LONDON (Reuters) – A Christmas crunch caused more pain for British retailers on Thursday, with John Lewis flagging lower profits for 2019 financial year and warning its staff they may not get a bonus for the first time since 1953 as consumer shopping habits shift.
FILE PHOTO: Signage is seen outside a Tesco extra superstore near Manchester, Britain January 8, 2020. REUTERS/Phil Noble
Tesco (TSCO.L), Britain’s biggest retailer, ground out a 0.1% rise in underlying UK sales during a “subdued” Christmas, while Marks & Spencer (MKS.L) said it was held back by waste in its food business and weak sales of menswear and gifts.
Industry data showed British supermarkets, including Sainsbury’s (SBRY.L), Walmart-owned Asda (WMT.N) and Morrisons (MRW.L), recorded the lowest sales growth over the crucial Christmas trading period for five years.
British shoppers turned cautious in 2019 as wage growth slowed and uncertainty over Brexit gripped the country.

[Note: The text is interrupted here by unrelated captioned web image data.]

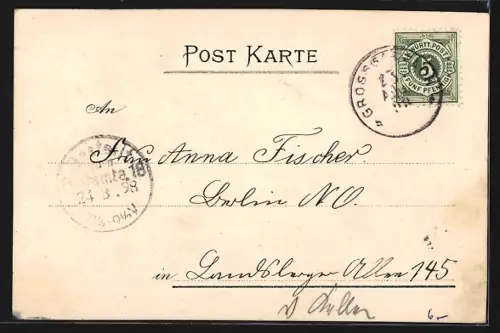 Lithographie Grossgartach, Gasthaus und Bierbrauerei zum Löwen v. Otto Reiter, Lorenz-Brunnen, Schulhaus, Rathaus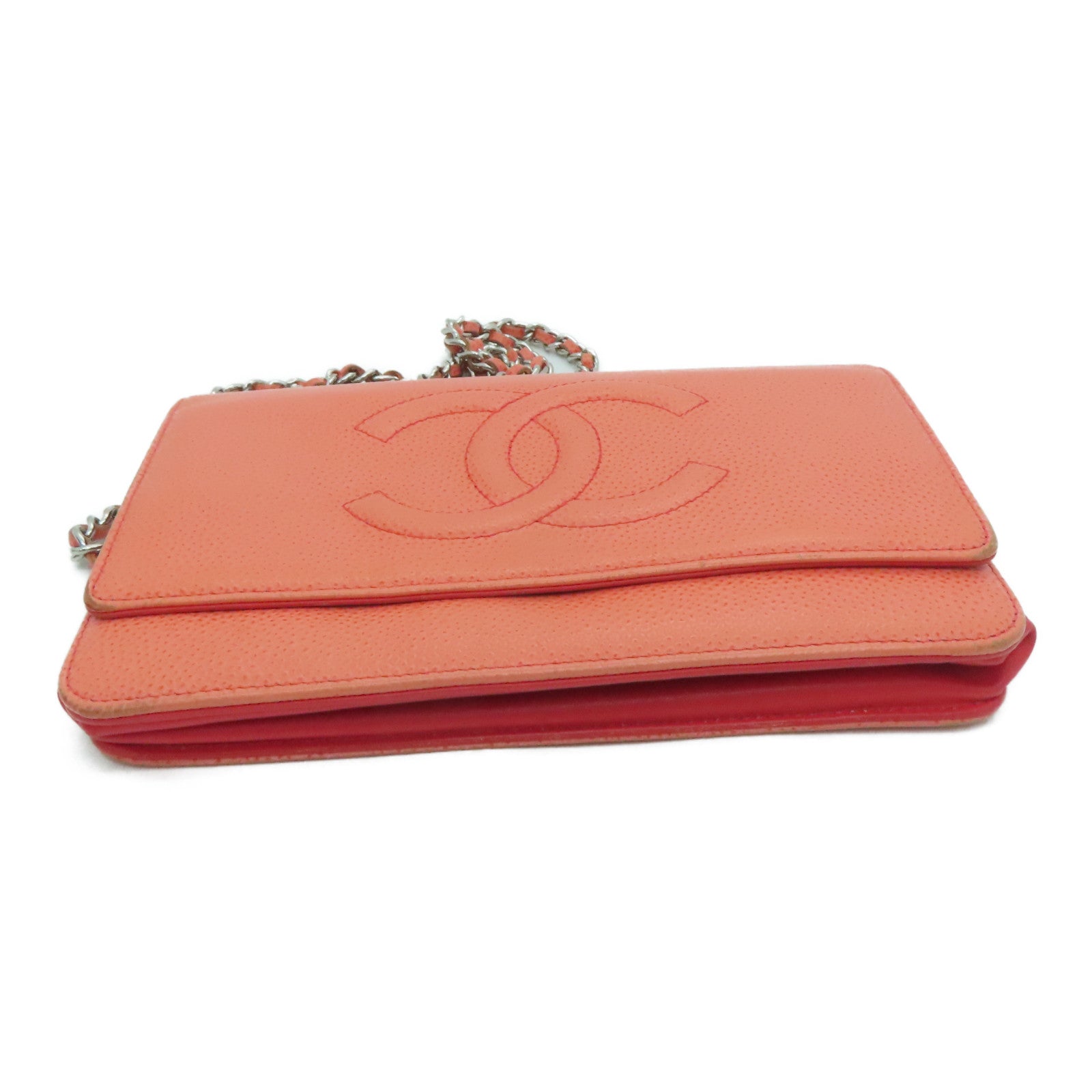 CHANEL [Sharp Discount] Caviar Leather Chain Shoulder Silver Buckle Shoulder Bag Pink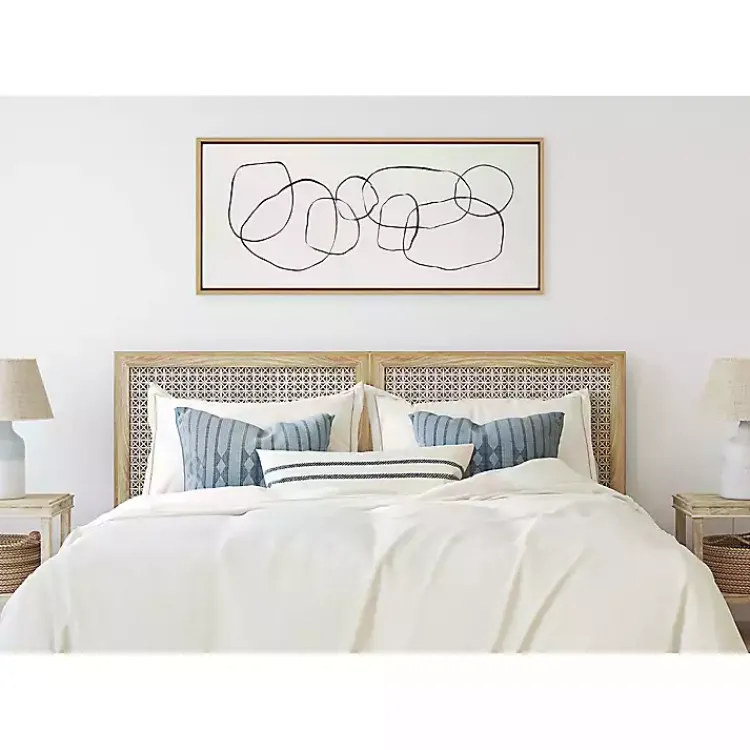 Canvas Art-Kirklands Home Neutral Abstract Circles Framed Canvas Art Print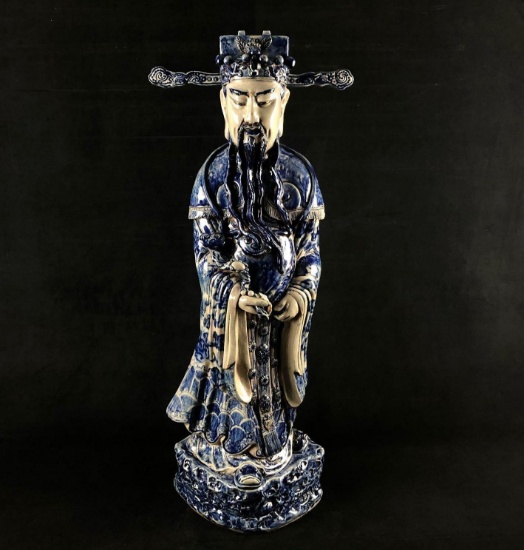 Antique Colossal Size! Chinese Blue and White Porcelain Statue of Fuk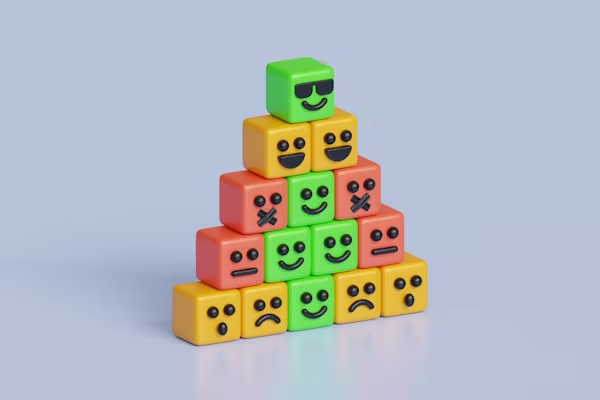Piramida blok warna-warni dengan emoji lucu, ideal untuk desain grafis.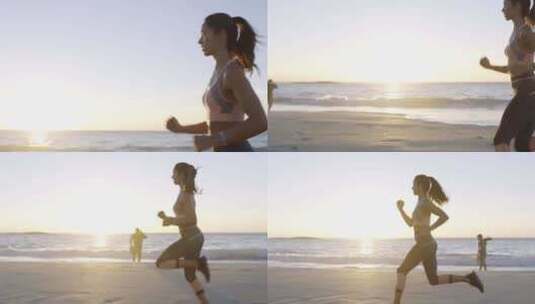 夏季阳光下的女子跑步者、速度和海滩训练，高清在线视频素材下载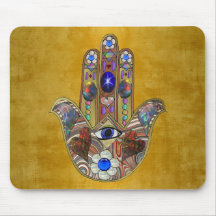 Corazones de Hamsa Flores Ópalo Arte en Oro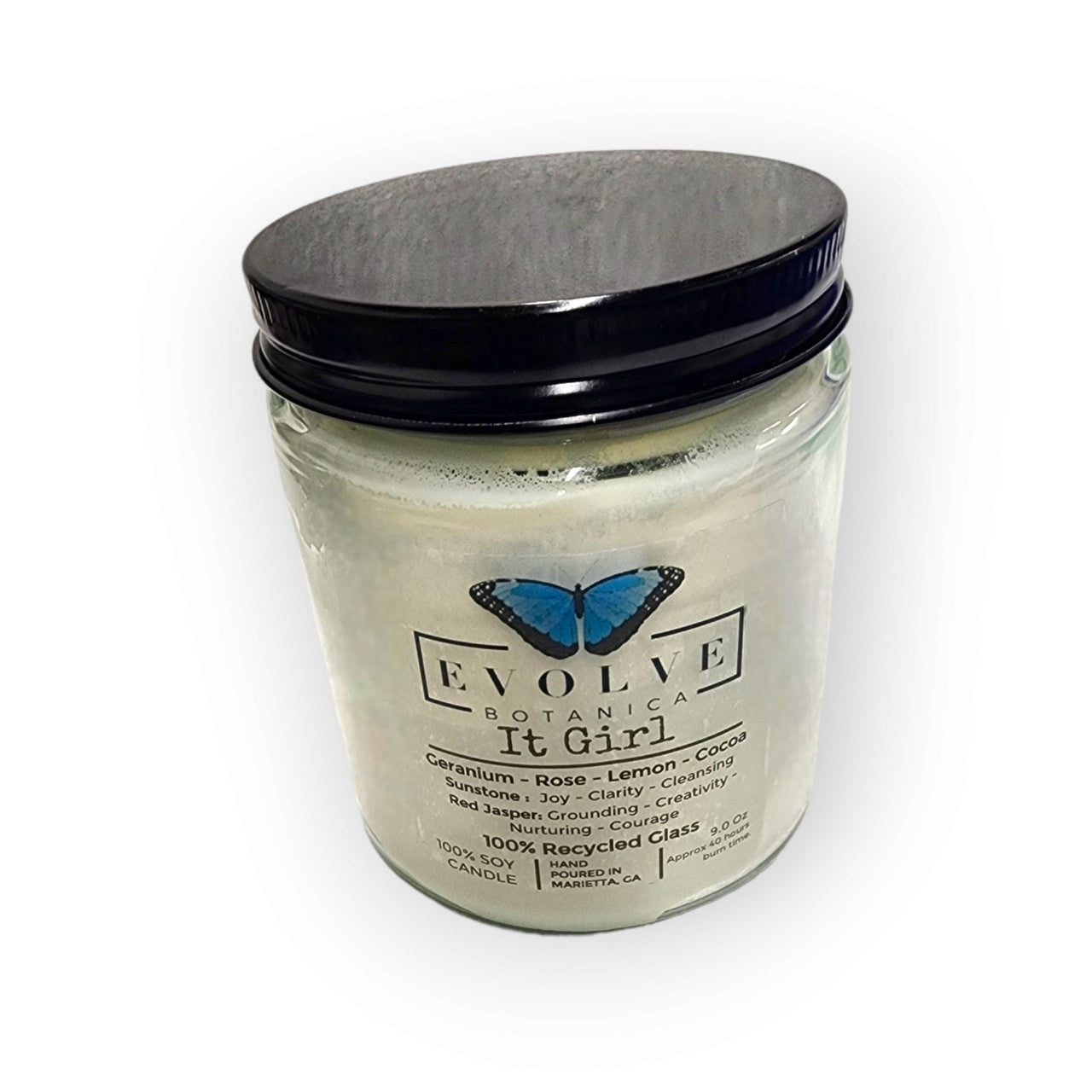 Evolve Botanica Classic 9oz Jam Jar Crystal Soy Candle - It Girl (Sunstone & Red Jasper)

But Tesco said Prime Minister Boris Johnson’s resounding election victory in December, which broke the deadlock over leaving the European Union, had not released any pent-up demand.
The prospect of employee-owned John Lewis Partnership, which runs the eponymous department stores business and up-market supermarket Waitrose, not paying a bonus for the first time since 1953 underlined how tough times are for some retailers.

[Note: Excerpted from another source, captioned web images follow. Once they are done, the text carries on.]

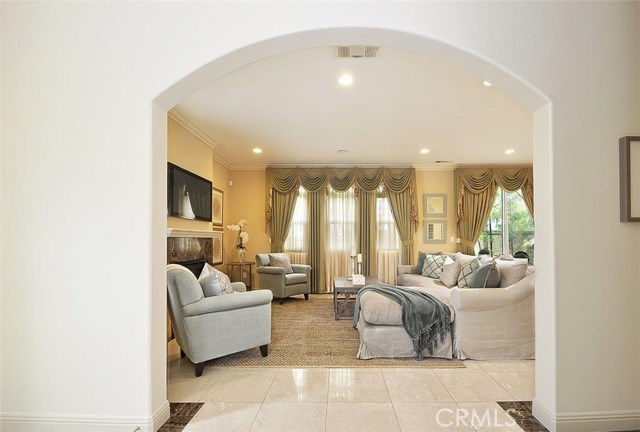 Shot for living room from entry hallway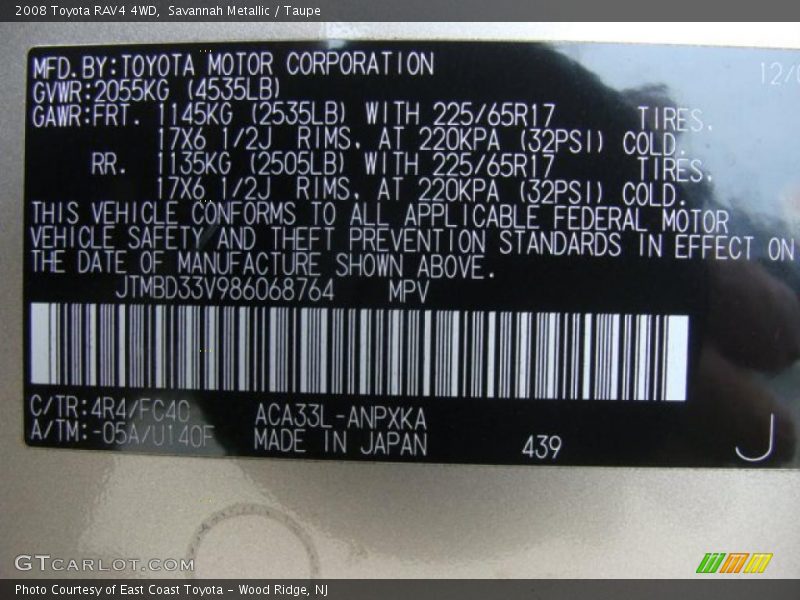 Savannah Metallic / Taupe 2008 Toyota RAV4 4WD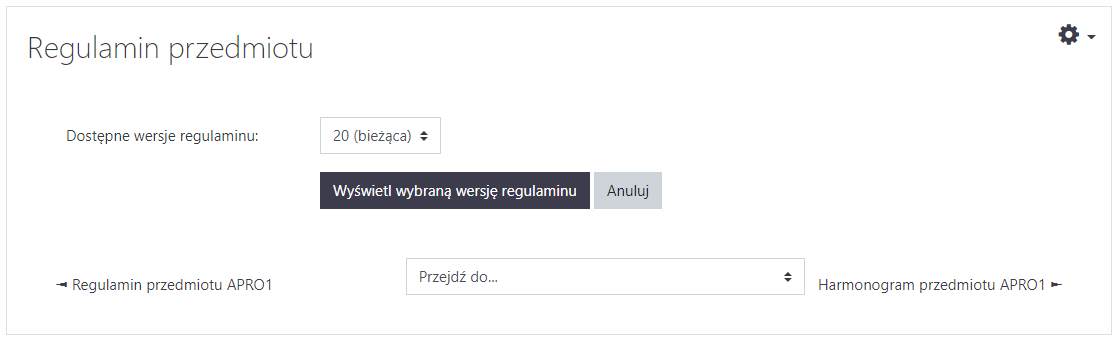 Wyświetlenie wersji regulaminu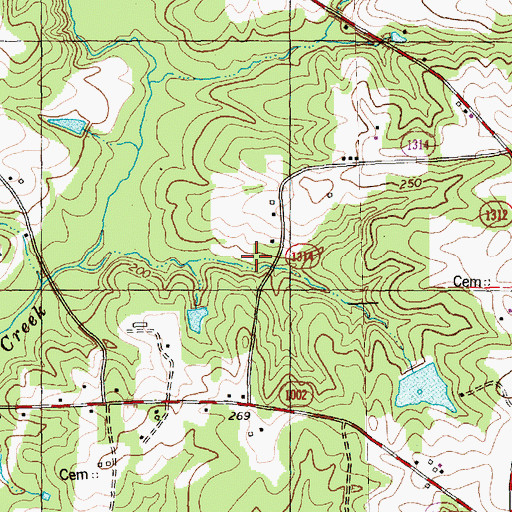 Topographic Map of Bass Pond Dam, NC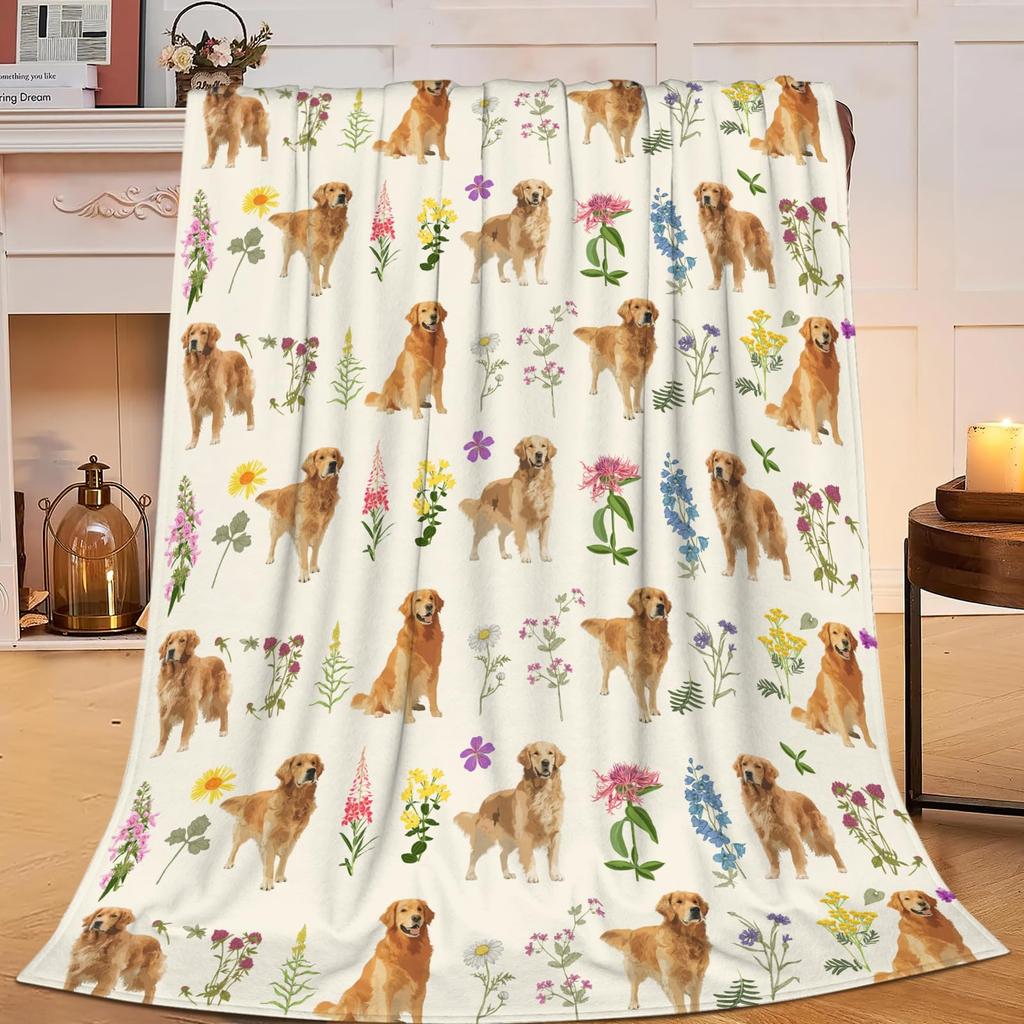 Golden Retriever Blanket Soft Lightweight Flannel Fleece Throw Blanket for Couch Bed Sofa Travel Gift for Women Girls Pet Lovers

Like rival department stores, John Lewis has been under pressure for some time, and in March last year reported a 45% drop in full-year profit, hurt by weak demand and rising costs.

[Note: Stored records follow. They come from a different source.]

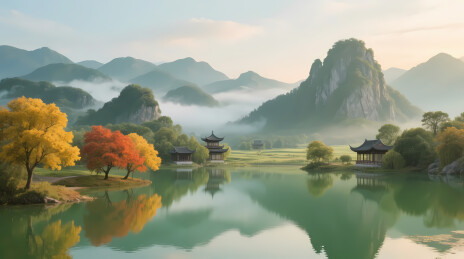 秋日山水倒影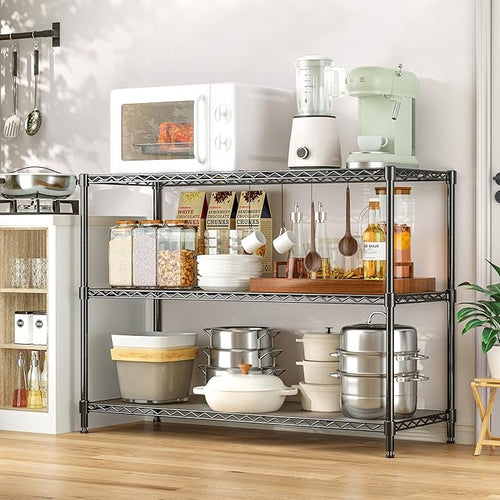 795LBS 3-Shelf Adjustable Storage Shelves 35.1" W x 14" D x 36" H Metal Shelving Unit Heavy Duty Wire Rack Small Organizer with Shelf Liners for Kitchen Pantry Bathroom Closet Garage Black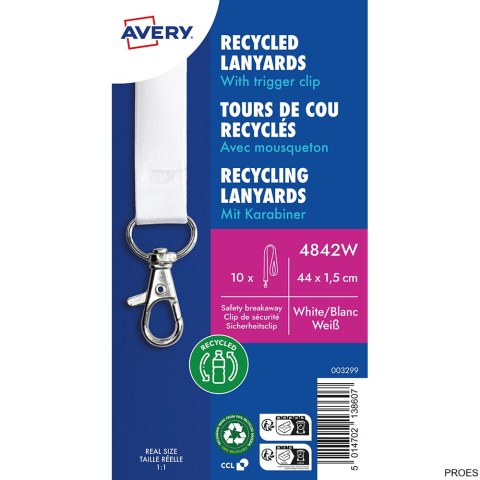 Smycze z recyklingowanego PET, 10 szt.; 15 x 440 mm; białe, 4842W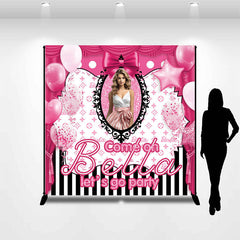 Aperturee - Pink Balloons Stripes Custom Birthday Party Backdrop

British greeting card retailer Card Factory (CARDC.L) said it expected lower annual earnings after the general election and weak consumer confidence hurt performance in the key Christmas period, sending its shares down 17%.
That contrasted with homewares retailer Dunelm (DNLM.L) which forecast a near 20% jump in earnings for the first half of its fiscal year, benefiting from its decision not to discount during the holiday season, which included Black Friday and Christmas.
This more upbeat outlook echoed British clothing retailer Next (NXT.L), which raised its full-year profit forecast last week after a better-than-expected Christmas performance.
In an indication of how hard supermarkets had to work over the festive period, Tesco said it had cut prices, delivered the best operational performance in six years and seen the biggest ever day of UK food sales in its history.
Tesco, which has a 27.4% share of Britain’s grocery market, also updated on trading in the third quarter period before Christmas, when life-for-like sales fell by 0.4%.
Although M&S, one of the best known names in British retail, reported a rise in quarterly underlying sales for its overall UK business for the first time since 2017, it was overshadowed by “one-off issues”, which knocked its shares 7.3% lower.
M&S said its full year guidance was unchanged, although gross margins were expected to be around the lower end of guidance, largely offset by cost reductions.